Church defends ownership of Harare parish farm

The land grab by members of the youth wing of President Robert Mugabe’s ZANU-PF party of a farm belonging to St Mary’s Anglican Church in Chitungwiza has evolved into a political fight between the ruling government party and the opposition MDC-T party.

 

The land grab by members of the youth wing of President Robert Mugabe’s ZANU-PF party of a farm belonging to St Mary’s Anglican Church in Chitungwiza has evolved into a political fight between the ruling government party and the opposition MDC-T party.

 

On 26 April 2015 a mob of over 1000 ZANU-PF members blocked the church during Sunday worship and demanded the vicar turn over to them a nearby plot of church land. The Diocese of Harare responded by filing a pleading with the High Court asking it to evict the squatters. The court granted the request, but the police have so far declined to honor the court’s order.

 

Last week the opposition MDC-T said it would lend it aid in driving the squatters from the land.

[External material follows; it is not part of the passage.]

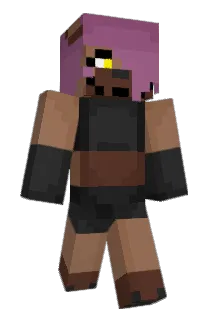 Duckbagg Minecraft avatar full body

The MDC-T’s Chitungwiza provincial secretary Lloyd Damba told the Zimbabwe Express that the party believed the land grab by ZANU-PF was to “try and dilute MDC-T support in these areas.” He added: “We know they may have blessings from the highest offices on the land because to Zanu PF it is not a matter of service delivery but it is about retention of power.”

 

Zanu-PF central committee member Innocent Hamandishe said the issue was not church ownershiop of the land, but how it had been acquired. “The title deeds are dated 1904 under the colonial regime. That is the issue with the youths and the Anglican Church had agreed to cede some of the land but now it is backtracking.”

 

However, the former Bishop of Harare Peter Hatendi said the land was donated to the Anglican Church by traditional chiefs, and was not given to the Church by the white minority regime in the then Rhodesia. “I am sorry,” he explained, but the “youths are misinformed.”  Bishop Knight Bruce “humbly applied for gifts of land from local Chiefs of the day between 1891 and 1892, for the purpose of carrying out missionary activities for the benefit of the Chief’s subjects. The mission farms were registered with the white settlers as required by the law,” he said, adding that “missions were situated in native reserves for the provision of education to the black natives. Bantu education was not a priority of Rhodesian settlers.”

 

He added: “Lest Zanu PF youths forget that some of the senior members of the nationalist movement of the liberation of Zimbabwe received their early education from some mission or rural schools that were built and supervised by Anglican Mission priests.”